Having accumulated both theoretical and practical knowledge about the main types of clauses and how to place them in a poem, the poet can improve his knowledge of poetic language by starting to use the types of consonance described below. nine0003

  • Compound rhymes. Such a favorite type of consonance by Vladimir Mayakovsky is deservedly considered one of the most original ways of rhyming, since it combines different parts of speech: for example, a particle and an adverb: molasses - again (Brodsky).
  • Homonymous rhymes . For clauses, homonyms are used here - words with different meanings, but the same in pronunciation and spelling. Example: (in the ears) rock - (in fate) rock.
  • Punning rhyme. The same, but instead of homonyms - puns. Example: the girls went to the garden at night, / As if de Sade wrote from them.
  • Internal rhyme. This is already a radically new type of consonance, since it is not a clause - it does not complete the line, but is located approximately in its middle. It is important that with such an arrangement of consonance, the size is correctly built, otherwise the poem can simply be broken at the place of internal rhyme into one more line.

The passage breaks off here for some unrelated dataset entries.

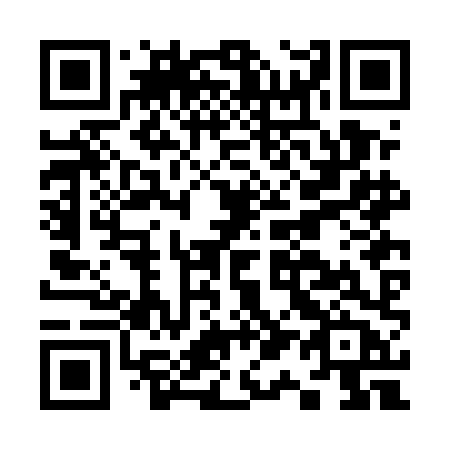 QR code for K12-EHB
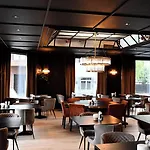 Hotel Grand 4*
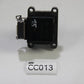 Original BMW E36 E38 E39 E46 Zündspule 1731134 Ignition Coil OEM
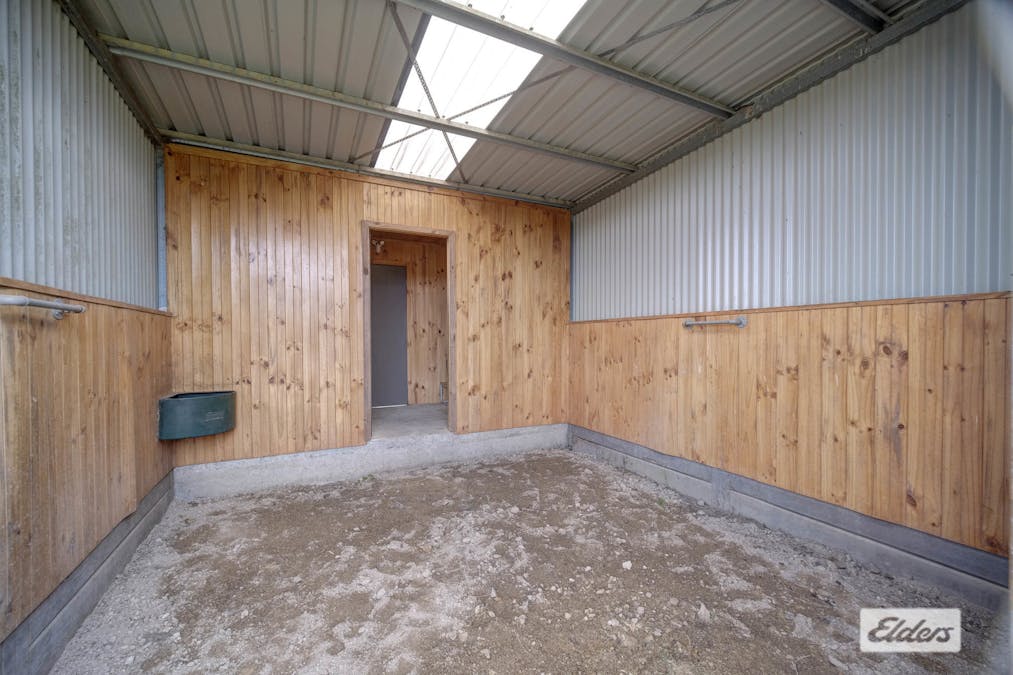 1028 Black Flat Lane, Wherrol Flat, NSW, 2429 - Image 8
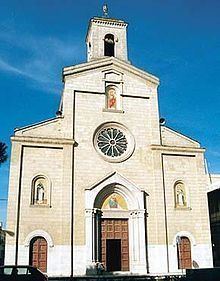San Ferdinando di Puglia httpsuploadwikimediaorgwikipediacommonsthu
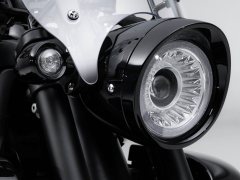 Souo S2000CL - photo 9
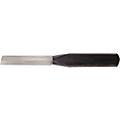 Rigotti Reed Knives Straight KnifeBevel Edge (Rh)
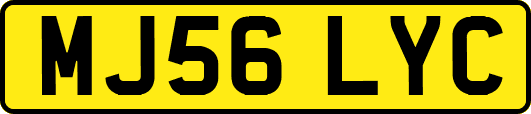 MJ56LYC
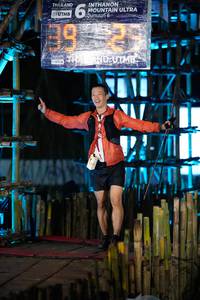 BIB: 
                            <button type="button" onclick="openModal(13484729)" class="btn btn-primary btn-sm float-right btn-popup" data-toggle="modal" data-target=".modal-high-quality">
                        <i class="fas fa-shopping-cart"></i> Add to Cart
                    </button>
                                            <button type="button" onclick="isThisMe(13484729, true)" class="btn btn-success btn-sm float-right btn-popup btn-isme hidden" data-toggle="tooltip" data-placement="bottom" title="นี่คือรูปของคุณใช่ไหม คลิกที่นี่เพื่อเอาเข้าอัลบั้ม">
                        <i class="fas fa-plus"></i> Add to album
                    </button>
                    <button type="button" onclick="isThisMe(13484729, false)" class="btn btn-warning btn-sm float-right btn-popup btn-isnotme hidden">
                        <i class="fas fa-ban"></i> Remove from album
                    </button>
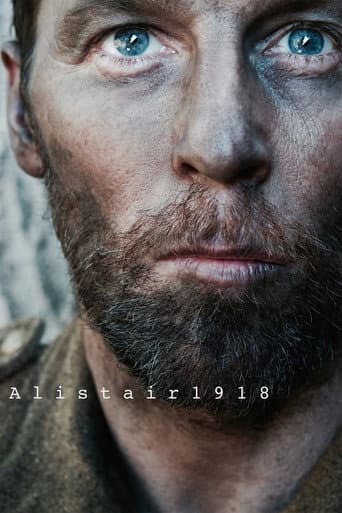 Watch Alistair1918 free online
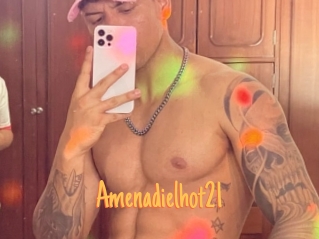 Amenadielhot21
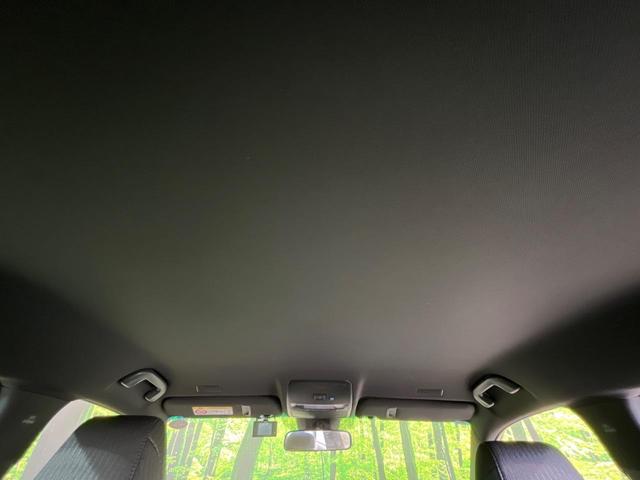 クラウン RS セーフティセンス メーカー純正ナビ 3眼LEDヘッドライト バックカメラ レーダークルーズコントロール BSM パワーシート オートマチックハイビーム ドラレコ ETC スマートキー&プッシュスタート(42枚目)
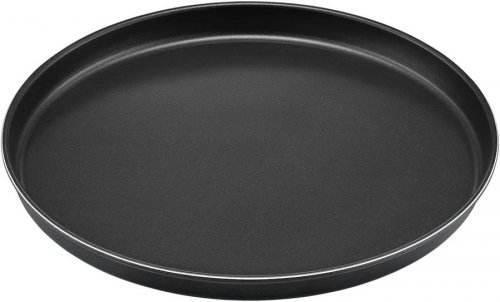 Microondas Samsung MG23A7013CT/EC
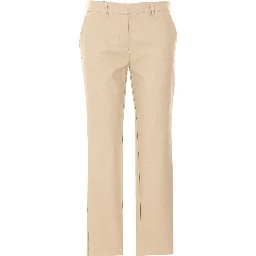 RUE DU BAC Trousers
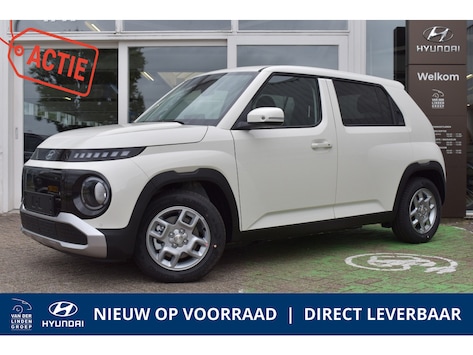 voertuig afbeelding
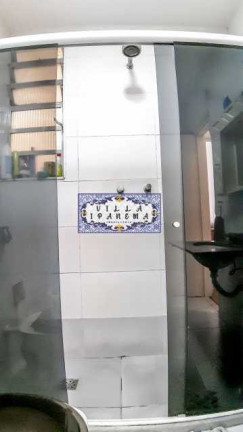 Imagem Apartamento com 3 Quartos à Venda, 90 m² em Botafogo - Rio De Janeiro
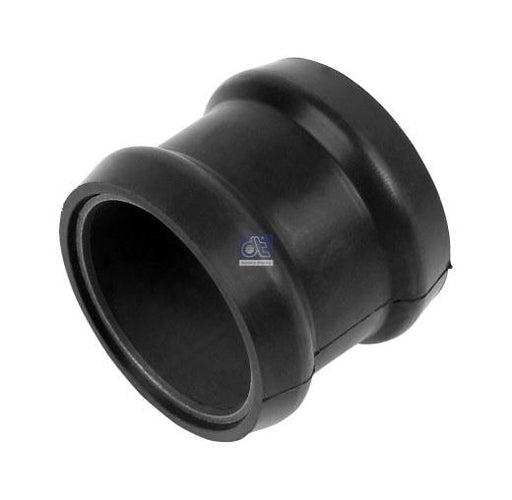 DT MAN OIL HOSE 3.14130-SAJID Auto Online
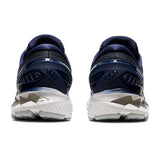 Asics Chaussure Homme GEL KAYANO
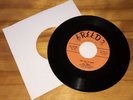 1959 Bill Perry 
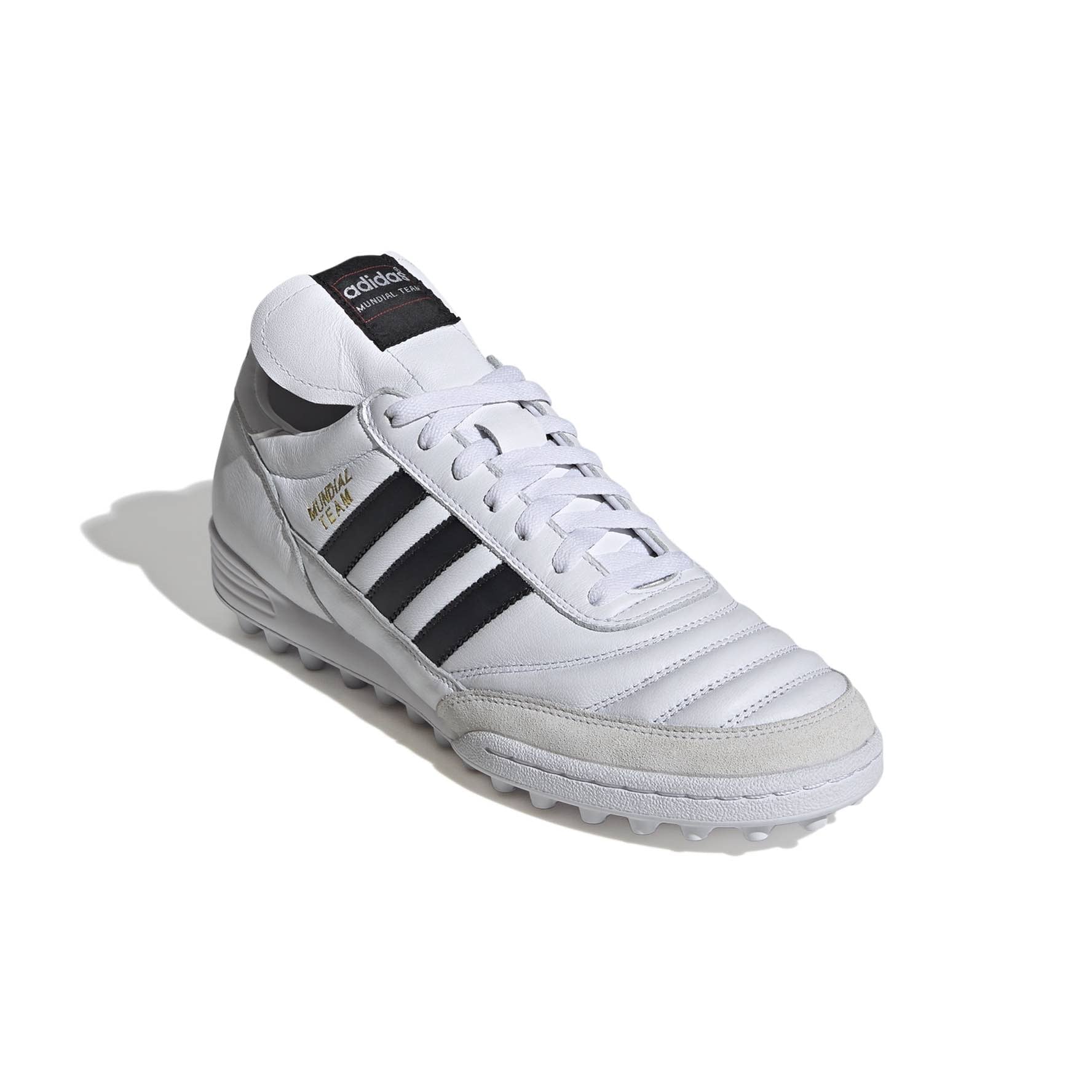 adidas Mundial Team Turf Turf adidas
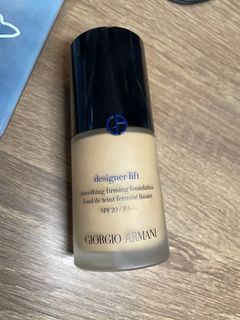 （分類：）位於 。 由 moewz 提交（商品編號 1190555185，圖片 1）。簡介： 。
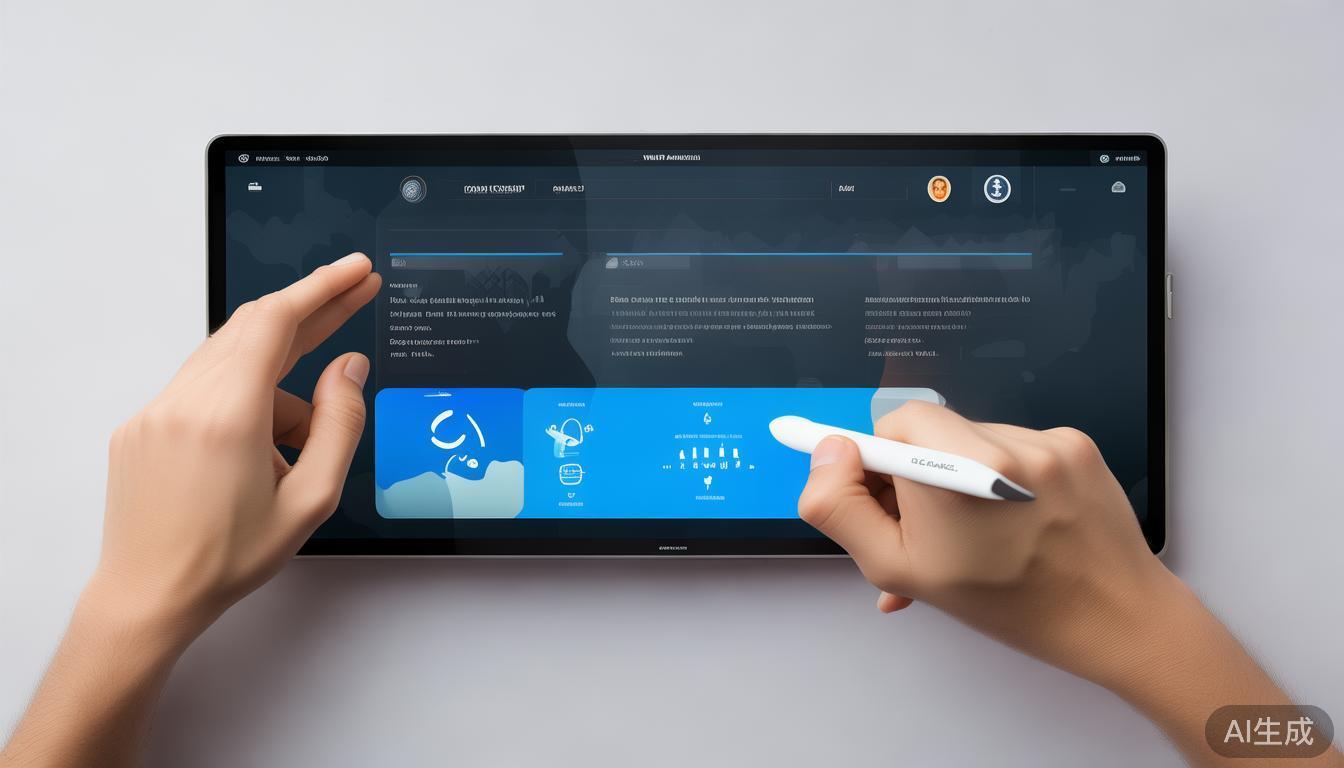 如何通过2025 TP官网最新版本提升用户满意度_满意度平台_满意网下载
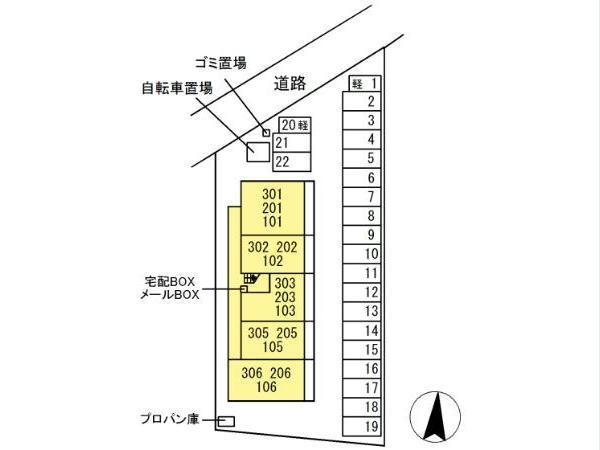 その他　その他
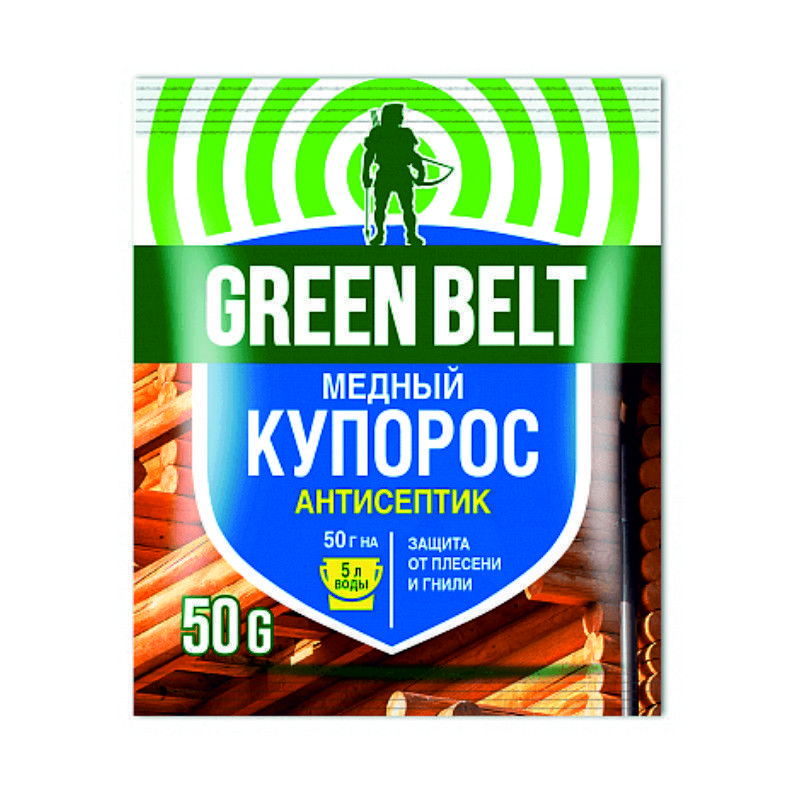О0071102
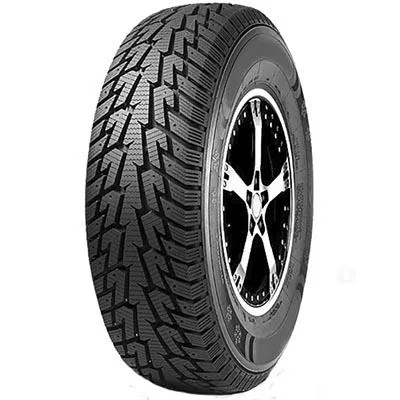 TORQUE TQ WT 701 LT265/70R17 121/118S TL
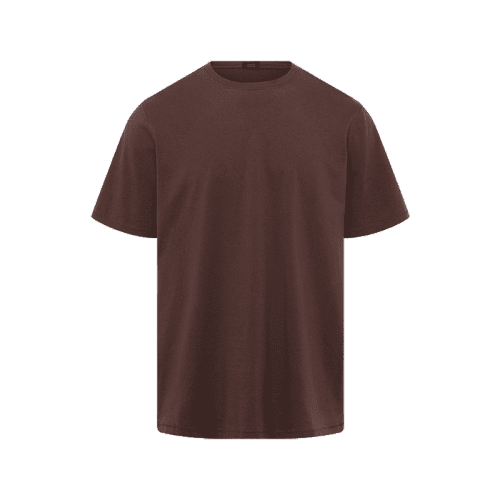 tee4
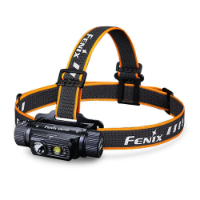 Fenix HM70R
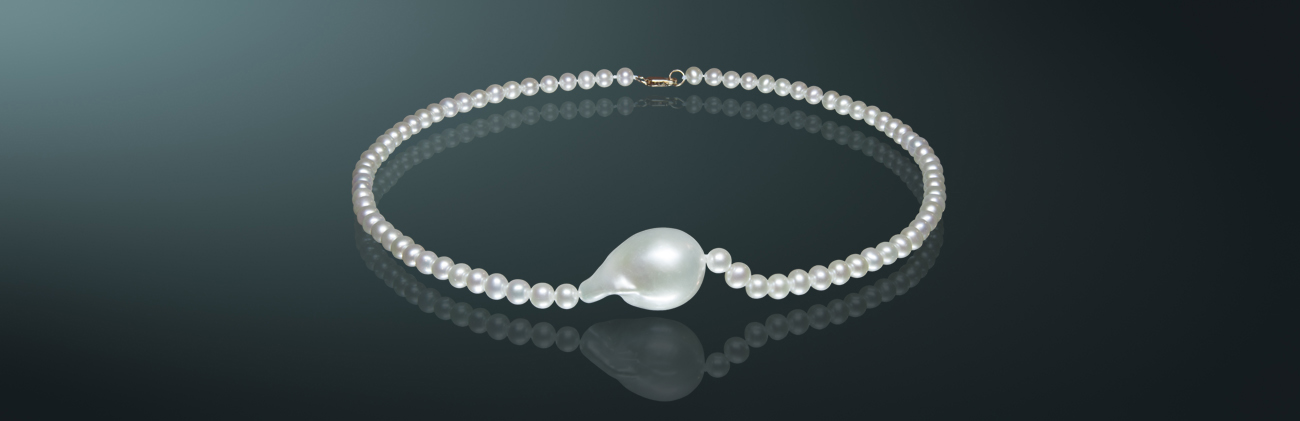 Стоматология жемчуг красноярск на 9 мая. Стоматология жемчуг. Стоматология жемчужина логотип. Ул. Жемчужина стоматология обнинск детская.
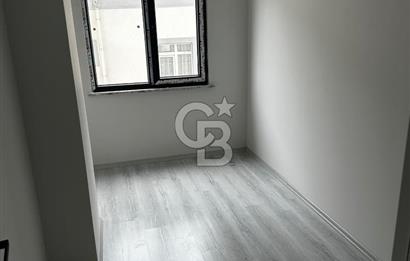 SULTANBEYLİ'DE SATILIK SIFIR 3+1 DAİRE 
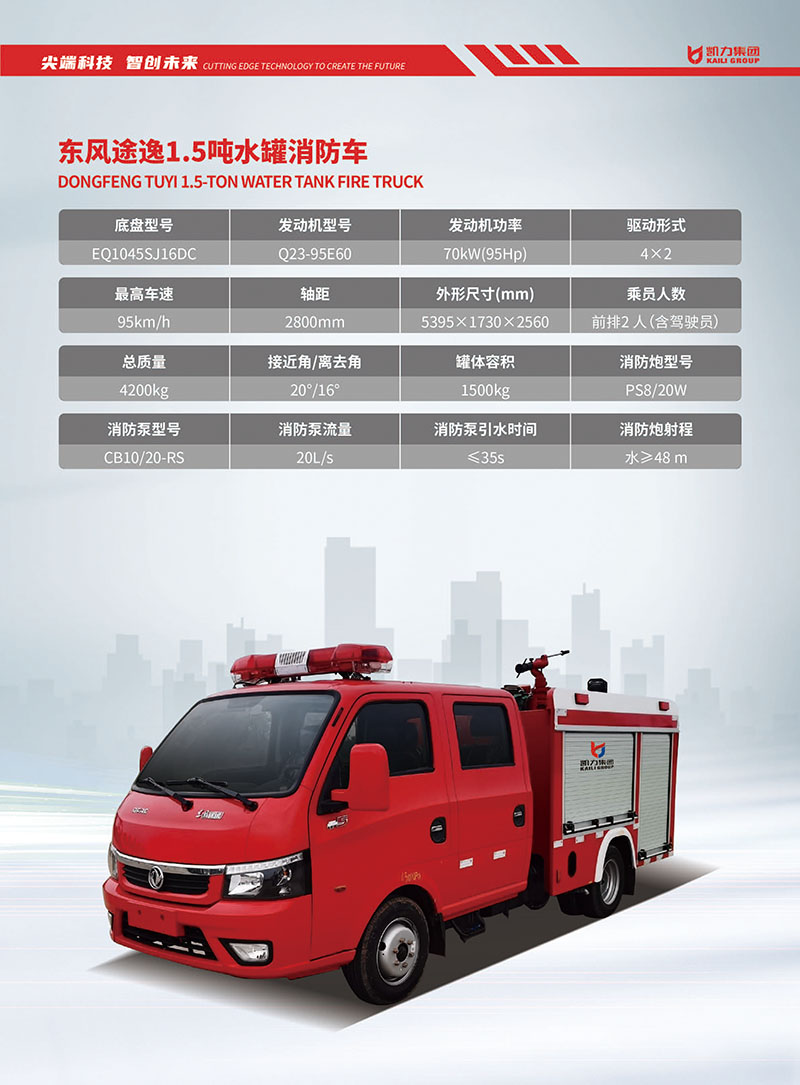 2023083117493425.jpg 01-东风途逸1.5吨水罐消防车.jpg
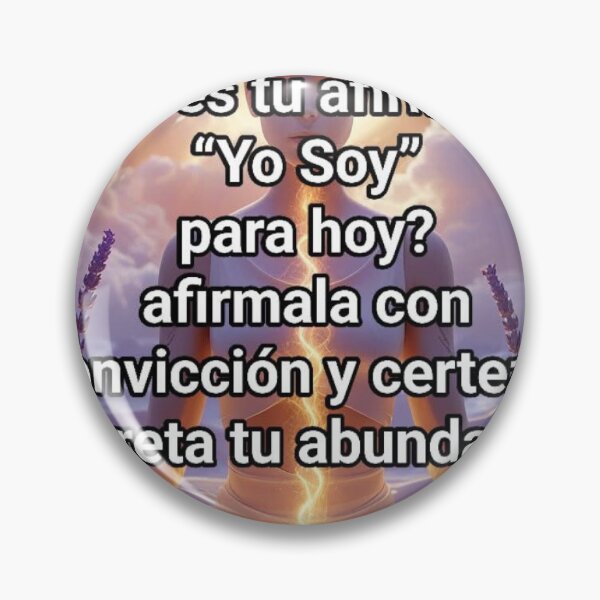 Item preview, Affirmation designed and sold by kike300.
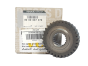 Engranaje Original Renault 8200607978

Example: over you, over a small river, / Over water, whose way is far... (Tvardovsky) In the example, the word "you" rhymes with "water".
  • Double internal rhyme. In this variation of the above-described consonance, words in one line rhyme, and the clauses connecting different lines may be absent altogether, as in free verse or blank verse. For example: The last time you are at your table, the last time you returned to the house, / The last time the wife carries the cake, 9 is reflected across the glass0020 (Eugene Rein). In this example, there is no clause as such. But in these lines (also Yevgeny Rein) both the internal rhyme and the clause are already present: Under the dome the Savior in sandals and his robe curls, / The Savior who fed his contrite children.
  • Echo rhyme . The line repeats some part of the clause of the line with which it rhymes, thereby creating an echo effect. For example: Hold on, Detroit of the world! / …Oh, you! nine0020 (A. Bezymensky).
  • Pantorhyme . One of the most spectacular types of consonance, in which not the final parts of the verse (clauses) rhyme, but any number of words between (and within) two or more lines. In other words, with such consonance, the lines contain both internal and clause rhymes, which can be arranged in an absolutely non-standardized order. This rhyme is an element of combinatorial poetics and modernist trends in creativity, therefore, examples of pantorhyme cannot be found in classical works. However, it has become especially popular among rap artists, where you can find good examples: popped in for a visit, as to the south, but got stuck. / Let's keep quiet, since the language is volapuk, newspeak. (Volapyuk - rubbish; Newspeak - the official language of the ruling party in Orwell's novel "1984").

Tips for choosing rhymes

  • It's better to avoid using verbs in clauses. Although Pushkin himself in "The House in Kolomna" went against this rule - he, however, is excusable, but the work of a novice author with verbal consonances can be considered bad taste. nine0038
  • Experiments with inaccurate, poor, composite, internal and pantorhythms are best begun after at least some sufficient experience in the use of classical forms, sizes and clauses has been obtained.
  • For the correct selection of rhymes, the poet needs to say everything written aloud - not necessarily in public. If the clauses sound separately, but not in the line, then you can try to change the number of stops in the size, or even the entire size
  • nine0057

    Success in your work!

    SOUNDS, RHYMS, FORMS... | Science and Life

    Nikolai Shulgovsky (on the right, penultimate in the first row) - a student of St. Petersburg University, 1908 (published for the first time).

    View full size

    Rhymes, that is, consonant endings of words, play an important role in versification. Rhyme is an important formative element in verse and its special sound beauty. In addition, the sounds of speech themselves play an important role in the poem, for example, to depict some sound phenomenon in life and nature. There are even special (onomatopoeic) words that either literally imitate the natural phenomena they denote by sounds, or express them conditionally. The first group includes such words as, for example, buzz, whistle, whistle, crunch, crunch, howl, howl, etc. The second group includes conditional ones, for example: ah! Alas! Oh oh oh! ouch! Oh! ha, ha, ha! hee, hee! ding, ding, ding! etc., similar to exclamations issued by people on appropriate occasions, or to the sounds of known objects. nine0003

    But, in addition to special words and by combining ordinary ones, such combinations of sounds can be obtained that more or less closely express any natural sounds.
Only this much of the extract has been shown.